Mais il est illusoire de penser qu’un programme est le résultat d’une simple convergence volontaire et amicale. Ce n’était pas le cas de la Geringonça, ni celui du Nouveau Front Populaire. Dans les cadres unitaires, les rapports de forces se jouent entre des organisations politiques aux objectifs différents. Dans le NFP, ces tensions se reflètent dans les divergences entre les Insoumis, radicaux, et les socialistes, plus centristes ; dans la Geringonça, la tension se situait entre le Parti socialiste, majoritaire, avec un programme qui ne remet pas en cause le capitalisme, et le Bloc de gauche et le PCP, avec des programmes divergents et plus combatifs.
Rapport de forces
En France, le Nouveau Front Populaire a pu s’unir derrière un programme radical parce que le rapport de forces en son sein le rendait possible : avec l’implosion du Parti socialiste français qui fut la conséquence de l’action de Hollande au pouvoir, la France Insoumise a pu devenir la principale force à gauche de la scène politique et ainsi imposer ses conditions de négociation au PS, qui avait été contraint de les accepter (il est encore à voir si le sort ne se retournera pas contre le sorcier, car les socialistes se sont redressés lors des élections européennes). La Geringonça, qui était un rapprochement postérieur aux élections, avait cette particularité d’avoir le Parti socialiste comme force majoritaire, mais il lui fallait l’appui des autres partis pour gouverner, ce qui équilibrait quelque peu le rapport de forces.
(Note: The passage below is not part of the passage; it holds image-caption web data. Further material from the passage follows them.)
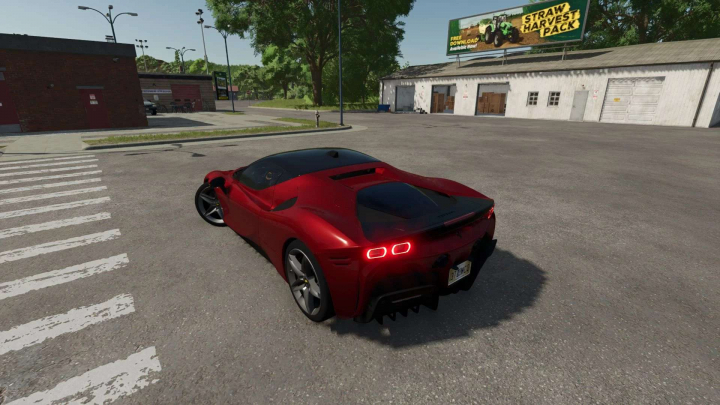 fs25-mods,  Ferrari SF90 Stradale V1.2
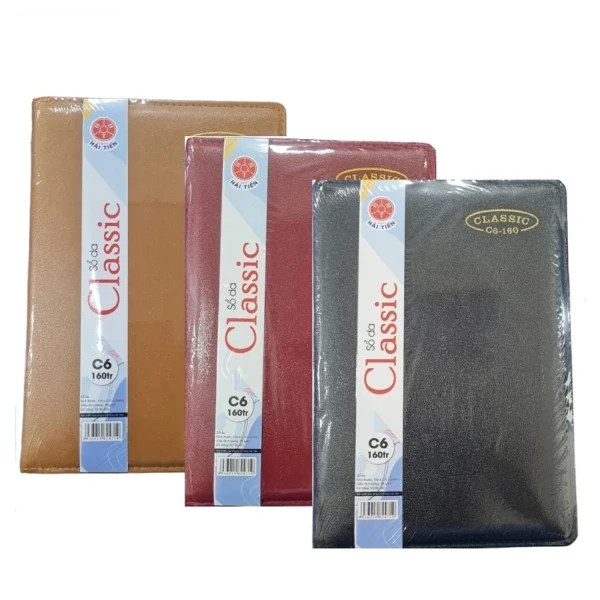 Sổ da Classic C6-160tr 4719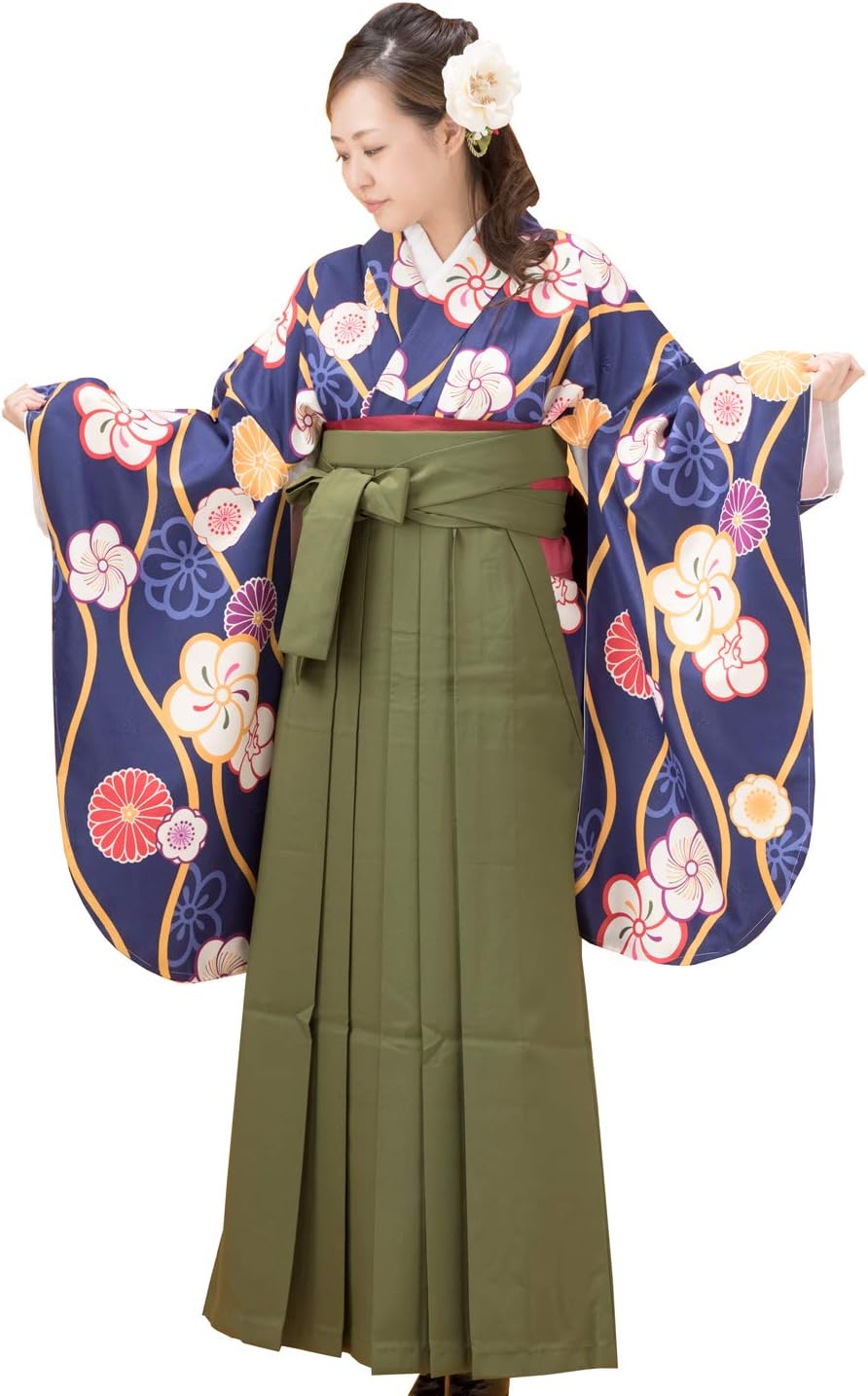 翠山工房 黒 振袖 落款 辻ヶ花 辻が花 辻ケ花 L ブランド着物 振袖 翠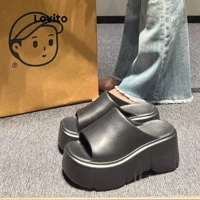 Imagem da promoção Lovito Sandália Casual Sola Grossa Antiderrapante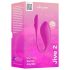 We-Vibe Jive 2 - акумулаторно интелигентно вибро яйце (розово)
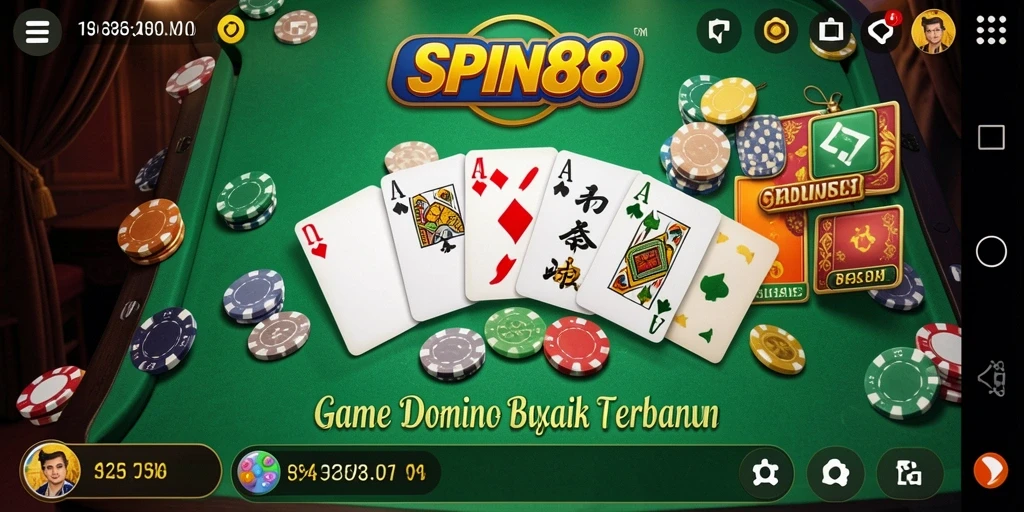 Tampilan gameplay SPIN88 yang seru dan mengasyikkan.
Mais quels sont donc les processus unitaires et les rapports de force qui se profilent à l’horizon du Bloc et comment devrions-nous les aborder ? La gauche portugaise reste affaiblie et recule. Mettre un terme à ce déclin ne signifie pas seulement chercher des alliances tactiques pour trouver des espaces institutionnels qui permettent d’inverser le discours selon lequel nous sommes en crise. L’objectif de la politique unitaire du Bloc doit être de construire des alliances pour inverser le rapport de forces avec le Parti socialiste, principal adversaire politique de la gauche anticapitaliste sur le terrain de la confrontation avec la droite, afin de pouvoir imposer un programme de transformation sociale.
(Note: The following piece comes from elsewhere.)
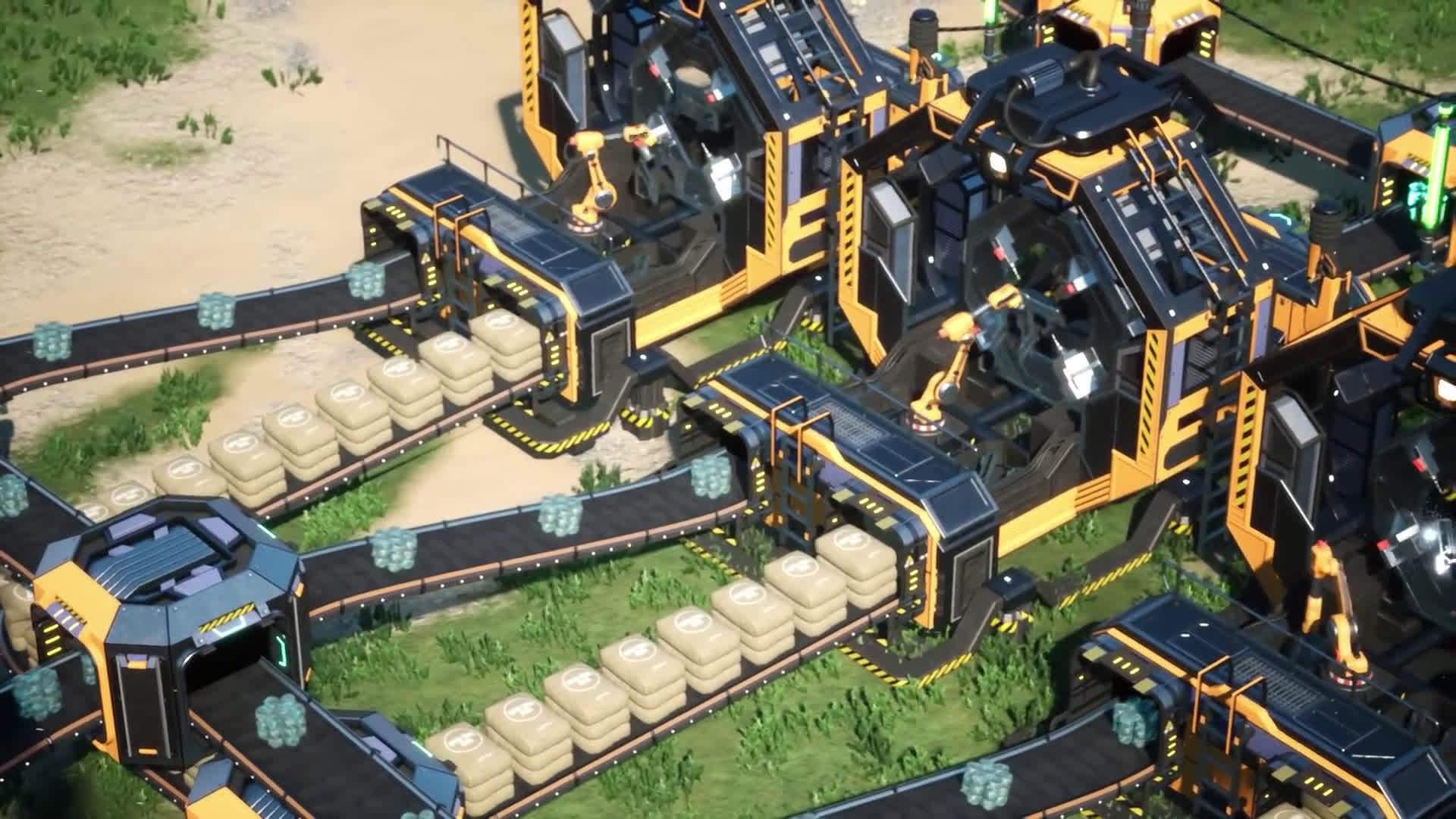 《幸福工厂》2024年内发布正式版 更新计划公布! 《幸福工厂》2024年内发布正式版 更新计划公布!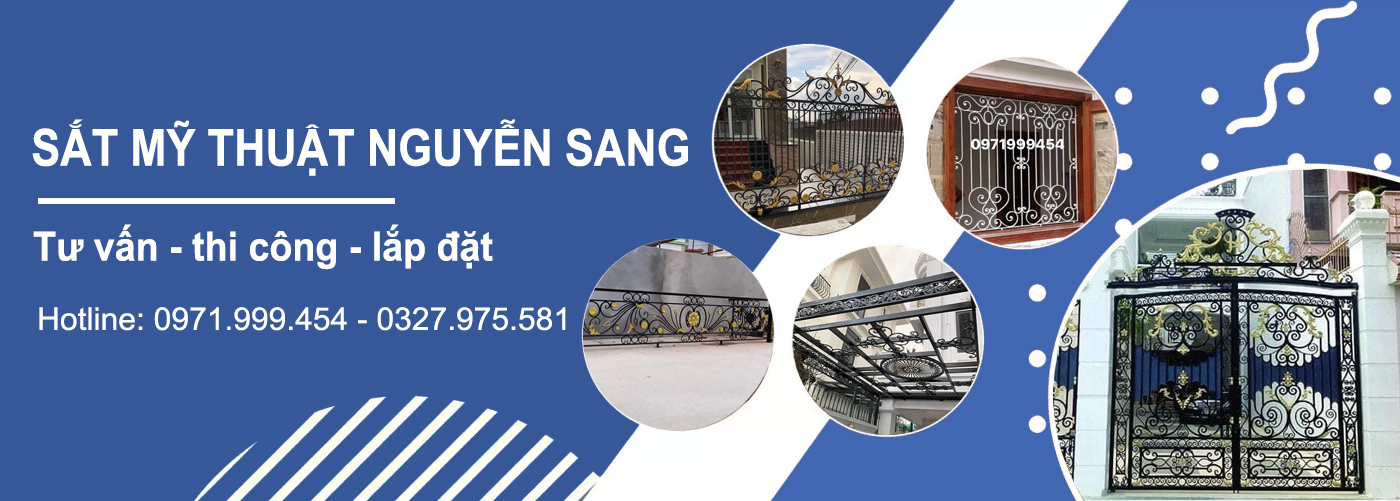 Sắt Mỹ Thuật Nguyễn Sang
Cela ne veut pas dire qu’il n’y aurait pas d’autres alliances concrètes possibles : les élections présidentielles, parce qu’elles ne supposent pas la mise en place d’un programme concret et permettent une alliance derrière un candidat précis, peuvent en être un exemple. Mais dans la politique de terrain, les alliances doivent être conçues pour inverser le rapport de forces entre la gauche et le Parti socialiste. Sinon, toute tentative de convergence, lorsqu’elle inclut le PS, sera toujours pervertie par le rôle d’intermédiaire de ce dernier qui cherche à faire dégénérer toute tentative de politique transformatrice. La politique de gauche consiste à se battre pour établir un rapports de forces autour d’objectifs programmatiques clairs.